Cette démarche suppose en amont qu’on utilise une forme de réflexion ou d’expression qui puisse avoir les capacités de contenir en soi cette représentation duale. Elle implique une vision, une structure de pensée et d’expression holistique : qui inclut la dualité dans un tout.

De plus, cette démarche s’accompagne en aval d’une sollicitation de l’homme qui l’investit et qui y réagit. C’est cet Homme qui va réinterroger, réinterpréter, en fonction de son point de vue, de sa sensibilité, le sens et le lien que cette mise à jour de la dualité laisse en suspend dans une réflexion ou une œuvre artistique. Elle implique donc en même temps une attitude dynamique, ouverte et stimulante pour la connaissance de soi. Il s’agit d’une transformation : d’un passage à travers une forme d’expression donnée, passage qui ne nous conduit pas vers un ailleurs, mais dans une réactualisation permanente et revitalisante de cette forme duale donnée et de l’Homme qui l’interprète.

Cette double caractéristique d’un « tout dynamique » est une autre formulation « d’englober » et de « dépasser ».

Ici, maintenant, sur tel ou tel support, on dépose, on met à jour, on met à plat les forces duales de quelque chose que l’on veut exprimer, représenter… Que va-t-il se passer ?

 

4. Le Métadualisme dans la Rectoversion

C’est parce que la peinture rectoversée en contient toutes les caractéristiques que l’on peut assurément la qualifier de « métadualiste ».

- Premièrement, elle met à jour, elle expose, elle révèle la face cachée, ou le verso virtuel d’une surface plane : mise en forme de la dualité.

- Deuxièmement, elle traite ou envisage ces deux faces en correspondance directe, en interaction sémantique : démarche holistique.

- Troisièmement, elle met de plus en rapport dual la peinture en tant que telle, en tant qu’essence, et son contraire, c'est-à-dire la non-représentation, la non-forme, le vide, représentés ici par la ou les percée du tableau. Nous sommes en présence d’un autre rapport dual : la dualité métaphysique.
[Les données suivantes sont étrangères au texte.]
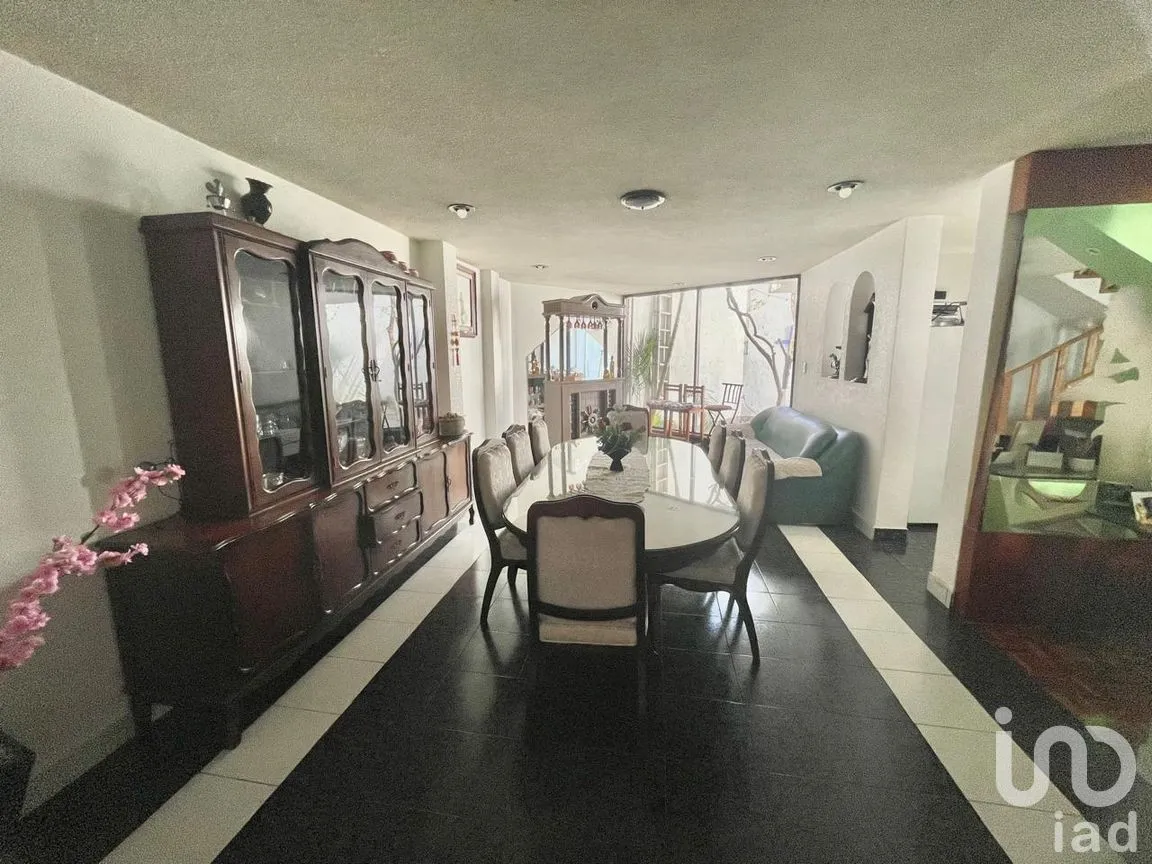 Casa en Venta en Bosque Residencial del Sur, Xochimilco, Ciudad de México | NEX-263456 | iad México | Foto 11 de 21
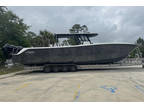2022 Invincible CATAMARANS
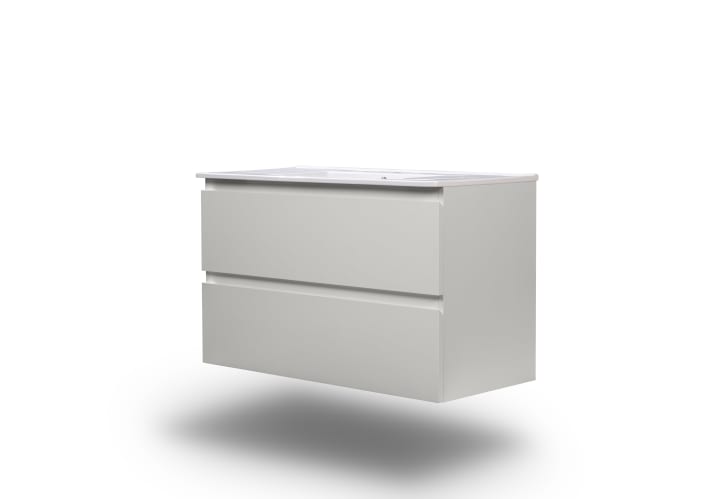 Mueble de baño fondo reducido 37.8 cm Aqua Campoaras principal 19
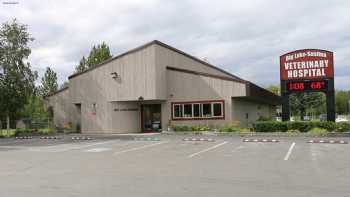 VCA Big Lake Animal Hospital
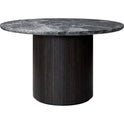 Moon Dining Table, Round, Ø150 cm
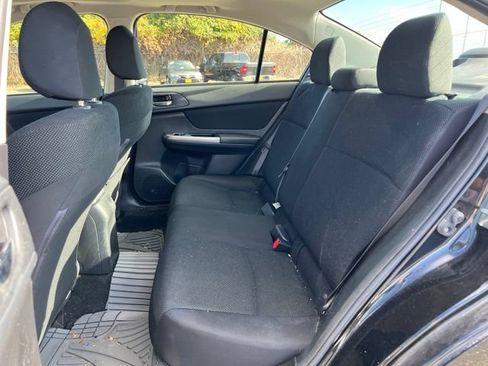 Used 2015 Subaru Impreza 2.0i Premium AWD/4WD image 13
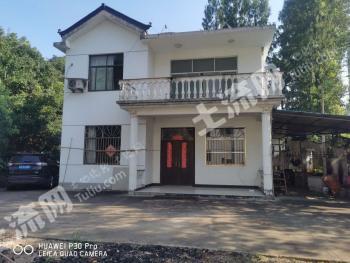 黄山黄山区 798平方米 农家庭院 使用权出租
De la dualité physique des deux faces peintes s’adjoint la dualité métaphysique peinture/non-peinture révélée par la Percée. La dualité y est donc traitée de façon intégrale, à la fois en immanence et en transcendance.
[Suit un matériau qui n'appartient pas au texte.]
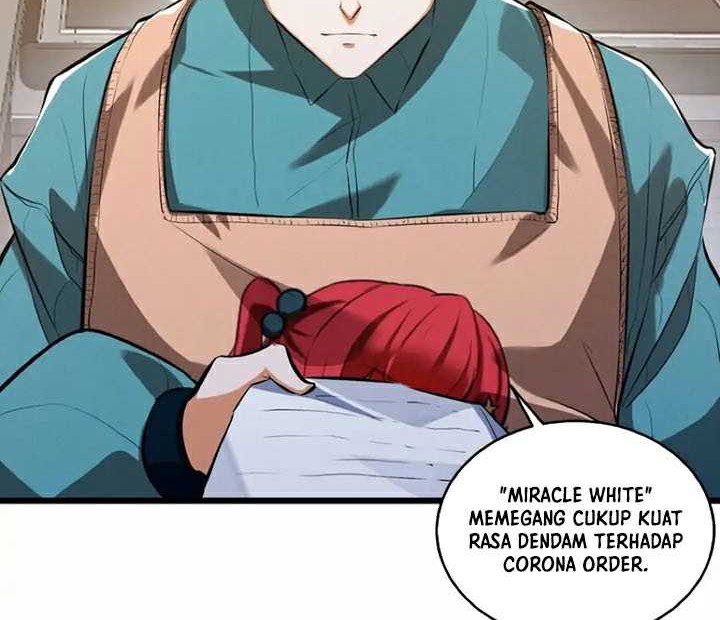 Please Stop Summoning Me! Chapter 48 - halaman 19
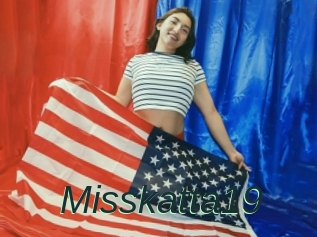 Misskatta19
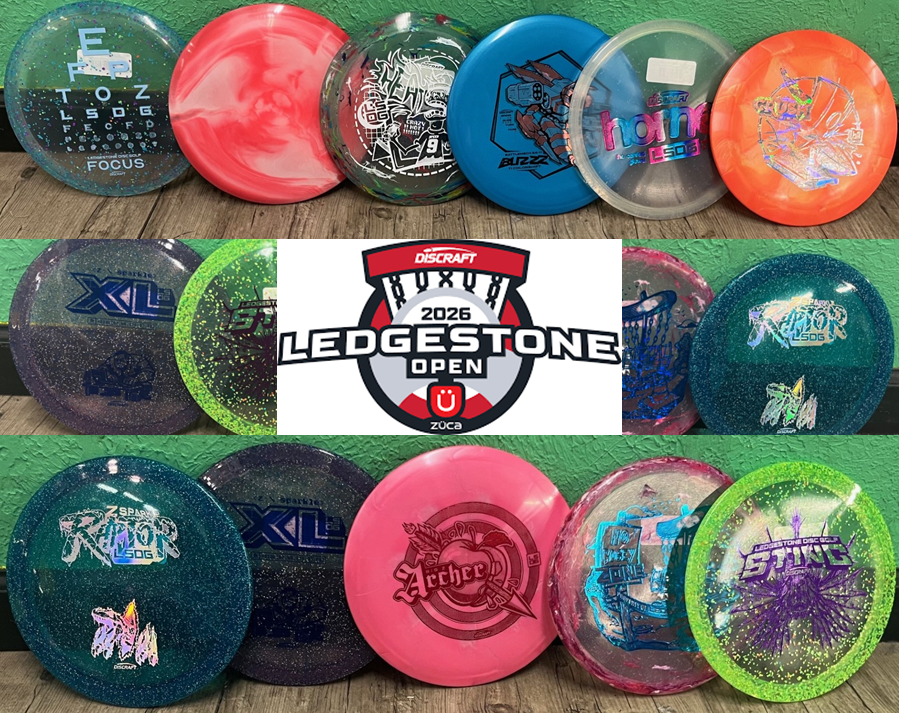 Ledgestone 2026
- Quatrièmement, et en amont, elle donne libre court à toute forme d’expression picturale. Chaque peintre qui adopterait les directives de ce « support-concept » peut y peindre en toute liberté, selon son style et sa sensibilité.

- Cinquièmement, et en aval, c’est « le regardeur qui fait le recto », en raison de ce qu’il appartient à lui seul de définir et redéfinir les liens et les sens suggérés par la mise en forme intrinsèque des rapports duaux représentés. Ces quatrième et cinquième points signent la marque de la fonction fondamentalement dynamique de la peinture rectoversée.